### Work instructions
Take the entries that follow and return exactly the lines from the one holding "Peugeot 208 1,2 i - fotka 13 z 17" through the one holding "loading blurry tour image", both included. Nothing else is needed.

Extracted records

------

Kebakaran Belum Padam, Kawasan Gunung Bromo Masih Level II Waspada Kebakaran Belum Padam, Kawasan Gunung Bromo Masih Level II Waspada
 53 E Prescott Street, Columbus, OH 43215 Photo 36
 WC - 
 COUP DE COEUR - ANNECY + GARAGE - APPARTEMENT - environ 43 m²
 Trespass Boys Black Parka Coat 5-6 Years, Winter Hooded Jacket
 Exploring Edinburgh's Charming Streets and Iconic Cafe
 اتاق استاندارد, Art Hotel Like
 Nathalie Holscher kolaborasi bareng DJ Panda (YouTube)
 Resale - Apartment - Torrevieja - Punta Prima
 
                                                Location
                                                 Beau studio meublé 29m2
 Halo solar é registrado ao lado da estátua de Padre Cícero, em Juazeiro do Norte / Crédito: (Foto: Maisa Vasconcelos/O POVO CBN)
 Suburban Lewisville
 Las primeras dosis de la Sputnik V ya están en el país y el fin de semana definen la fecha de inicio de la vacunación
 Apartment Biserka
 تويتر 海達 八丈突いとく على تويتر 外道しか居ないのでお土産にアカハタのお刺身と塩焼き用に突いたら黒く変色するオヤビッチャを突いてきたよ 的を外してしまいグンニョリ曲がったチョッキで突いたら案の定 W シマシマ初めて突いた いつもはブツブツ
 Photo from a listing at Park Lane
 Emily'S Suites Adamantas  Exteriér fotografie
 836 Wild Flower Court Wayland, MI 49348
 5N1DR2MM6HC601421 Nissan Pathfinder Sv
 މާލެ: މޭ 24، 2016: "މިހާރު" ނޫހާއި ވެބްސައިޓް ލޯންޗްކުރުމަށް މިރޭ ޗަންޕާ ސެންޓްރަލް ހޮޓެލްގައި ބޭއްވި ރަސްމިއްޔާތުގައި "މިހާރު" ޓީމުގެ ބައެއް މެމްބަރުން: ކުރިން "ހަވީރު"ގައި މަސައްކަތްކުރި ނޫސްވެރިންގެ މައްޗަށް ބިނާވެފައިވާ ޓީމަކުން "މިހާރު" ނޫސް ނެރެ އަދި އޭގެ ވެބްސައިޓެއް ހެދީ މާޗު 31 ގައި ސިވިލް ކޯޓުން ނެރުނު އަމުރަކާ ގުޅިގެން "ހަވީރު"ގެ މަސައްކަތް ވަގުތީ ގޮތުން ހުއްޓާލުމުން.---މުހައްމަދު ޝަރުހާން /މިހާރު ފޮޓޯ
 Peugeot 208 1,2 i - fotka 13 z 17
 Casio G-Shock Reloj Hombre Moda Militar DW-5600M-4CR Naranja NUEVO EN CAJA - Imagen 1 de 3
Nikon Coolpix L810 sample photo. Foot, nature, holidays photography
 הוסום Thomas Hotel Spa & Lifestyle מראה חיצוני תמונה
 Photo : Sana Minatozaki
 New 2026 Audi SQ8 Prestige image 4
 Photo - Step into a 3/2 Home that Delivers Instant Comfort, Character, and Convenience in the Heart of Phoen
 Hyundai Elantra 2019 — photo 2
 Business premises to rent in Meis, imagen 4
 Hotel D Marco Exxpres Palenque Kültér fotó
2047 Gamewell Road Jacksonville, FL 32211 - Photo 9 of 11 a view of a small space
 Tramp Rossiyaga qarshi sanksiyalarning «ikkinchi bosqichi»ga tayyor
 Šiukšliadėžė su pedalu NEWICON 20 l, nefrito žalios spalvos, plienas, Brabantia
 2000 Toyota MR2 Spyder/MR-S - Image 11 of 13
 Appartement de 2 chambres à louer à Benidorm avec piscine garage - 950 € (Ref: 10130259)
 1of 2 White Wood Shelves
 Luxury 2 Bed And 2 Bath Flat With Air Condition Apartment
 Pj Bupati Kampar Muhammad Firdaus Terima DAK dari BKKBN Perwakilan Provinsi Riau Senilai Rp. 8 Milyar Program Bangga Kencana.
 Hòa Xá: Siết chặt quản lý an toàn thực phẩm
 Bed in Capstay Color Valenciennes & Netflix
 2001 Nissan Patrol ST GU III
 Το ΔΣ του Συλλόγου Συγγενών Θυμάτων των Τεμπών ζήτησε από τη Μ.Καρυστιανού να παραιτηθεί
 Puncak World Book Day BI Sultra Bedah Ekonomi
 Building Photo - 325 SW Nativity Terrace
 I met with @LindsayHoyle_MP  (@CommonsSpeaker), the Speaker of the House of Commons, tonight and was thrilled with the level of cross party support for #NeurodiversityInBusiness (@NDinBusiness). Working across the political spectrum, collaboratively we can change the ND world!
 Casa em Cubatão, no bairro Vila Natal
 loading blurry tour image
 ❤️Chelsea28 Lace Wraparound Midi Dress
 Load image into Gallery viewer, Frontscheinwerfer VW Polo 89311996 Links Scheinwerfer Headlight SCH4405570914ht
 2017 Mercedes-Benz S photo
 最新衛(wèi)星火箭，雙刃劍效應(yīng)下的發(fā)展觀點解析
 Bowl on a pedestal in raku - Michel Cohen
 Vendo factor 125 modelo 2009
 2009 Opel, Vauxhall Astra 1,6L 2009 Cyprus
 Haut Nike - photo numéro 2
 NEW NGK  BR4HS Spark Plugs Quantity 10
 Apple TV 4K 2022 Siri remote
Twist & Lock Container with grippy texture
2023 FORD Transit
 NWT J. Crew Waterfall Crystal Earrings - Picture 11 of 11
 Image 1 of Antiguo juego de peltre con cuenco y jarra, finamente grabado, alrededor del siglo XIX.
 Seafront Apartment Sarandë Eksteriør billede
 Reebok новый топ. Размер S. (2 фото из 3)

------

### Exercise output
 Peugeot 208 1,2 i - fotka 13 z 17
 Casio G-Shock Reloj Hombre Moda Militar DW-5600M-4CR Naranja NUEVO EN CAJA - Imagen 1 de 3
Nikon Coolpix L810 sample photo. Foot, nature, holidays photography
 הוסום Thomas Hotel Spa & Lifestyle מראה חיצוני תמונה
 Photo : Sana Minatozaki
 New 2026 Audi SQ8 Prestige image 4
 Photo - Step into a 3/2 Home that Delivers Instant Comfort, Character, and Convenience in the Heart of Phoen
 Hyundai Elantra 2019 — photo 2
 Business premises to rent in Meis, imagen 4
 Hotel D Marco Exxpres Palenque Kültér fotó
2047 Gamewell Road Jacksonville, FL 32211 - Photo 9 of 11 a view of a small space
 Tramp Rossiyaga qarshi sanksiyalarning «ikkinchi bosqichi»ga tayyor
 Šiukšliadėžė su pedalu NEWICON 20 l, nefrito žalios spalvos, plienas, Brabantia
 2000 Toyota MR2 Spyder/MR-S - Image 11 of 13
 Appartement de 2 chambres à louer à Benidorm avec piscine garage - 950 € (Ref: 10130259)
 1of 2 White Wood Shelves
 Luxury 2 Bed And 2 Bath Flat With Air Condition Apartment
 Pj Bupati Kampar Muhammad Firdaus Terima DAK dari BKKBN Perwakilan Provinsi Riau Senilai Rp. 8 Milyar Program Bangga Kencana.
 Hòa Xá: Siết chặt quản lý an toàn thực phẩm
 Bed in Capstay Color Valenciennes & Netflix
 2001 Nissan Patrol ST GU III
 Το ΔΣ του Συλλόγου Συγγενών Θυμάτων των Τεμπών ζήτησε από τη Μ.Καρυστιανού να παραιτηθεί
 Puncak World Book Day BI Sultra Bedah Ekonomi
 Building Photo - 325 SW Nativity Terrace
 I met with @LindsayHoyle_MP  (@CommonsSpeaker), the Speaker of the House of Commons, tonight and was thrilled with the level of cross party support for #NeurodiversityInBusiness (@NDinBusiness). Working across the political spectrum, collaboratively we can change the ND world!
 Casa em Cubatão, no bairro Vila Natal
 loading blurry tour image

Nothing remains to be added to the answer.